This fall marks the beginning of the end of our paper agendas for Junior High Students in our district. Our current agendas are probably similar to what others have: a student handbook at the beginning covering school policies, the September to June Calendars for students to write in, and a reference section at the back with math formulae, periodic table, the map of Canada, etc.
In September a limited number of agendas will be available for purchase at the main office – they will not be handed out to every student on the first day of school. The limited agendas will not include the section of school policies and procedures. The section on school policies and procedures will now be published to our school website and D2L homepage. In 2012-2013 no paper agendas will be ordered. Click here to link to my district’s press release.

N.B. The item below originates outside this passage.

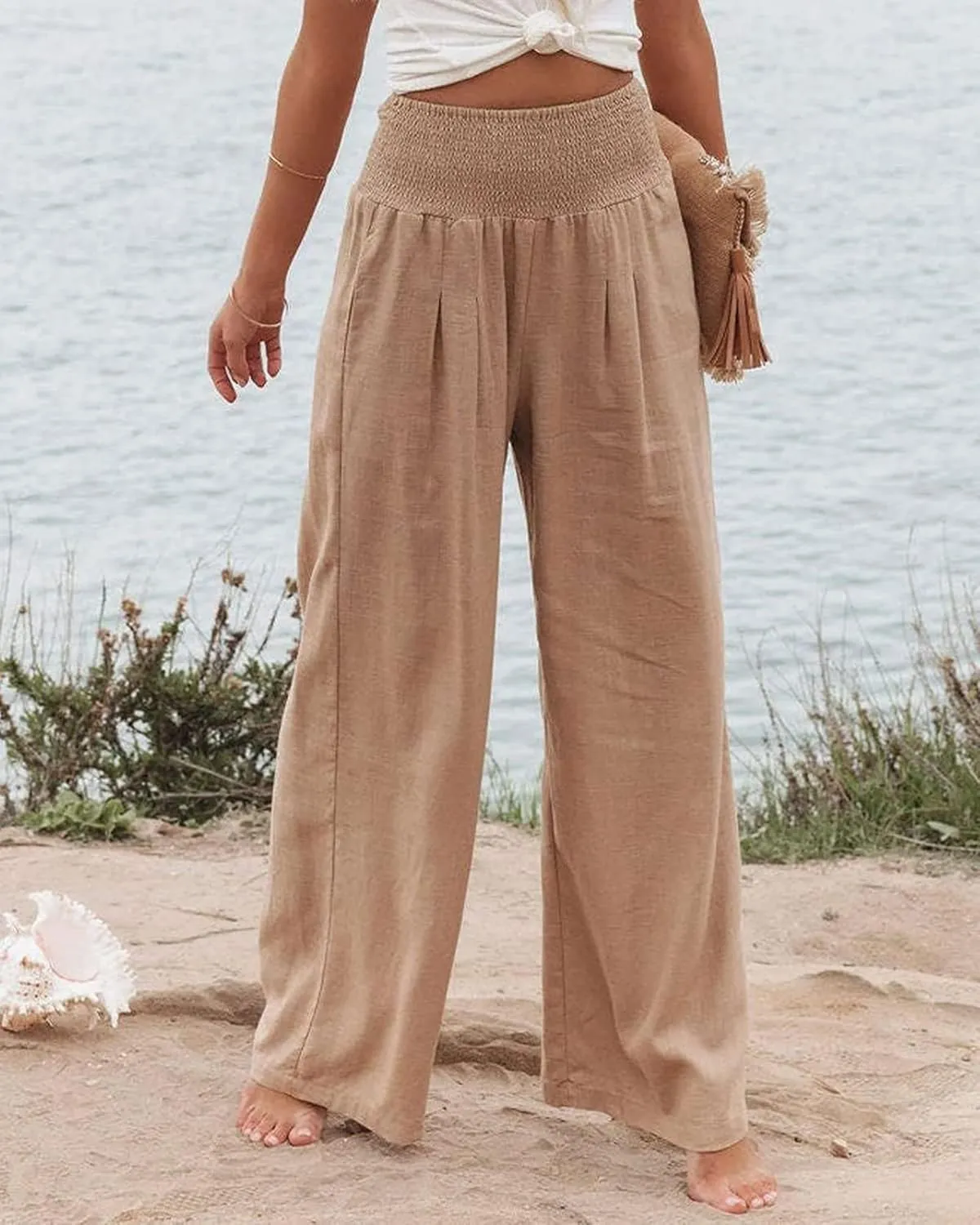 Womens Linen Palazzo Pants Casual Wide Leg High Waist Pant 2025 Summer Flowy Boho Beach Travel Vacation Outfits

How is this going to work? D2L has the ability to take events from different courses and populate those items in a single homepage calendar for each student. For example, if I make an event for a math project, I can put it in the course calendar, and it will be pushed down to the individual calendar of the students who are enrolled in the course. D2L has a homepage widget called ‘Events’ which will organize what is coming up ‘Today’, ‘Tomorrow’, and ‘This week’. This event box is front and centre when students log on to D2L. The user’s individual calendar is a hybrid of course events pushed down from instructors and user-generated events.
Moving to digital agendas has some positives and some areas of concern.
1) Digital agendas are never lost. Lost agendas have been a real problem. D2L offers a “one stop shop” for events, content, and grades.
2) Digital agendas are easily accessible. D2L offers a traditional computer log-in as well as a mobile portal. Students can access their calendar on their mobile devices and personal (or school) computers.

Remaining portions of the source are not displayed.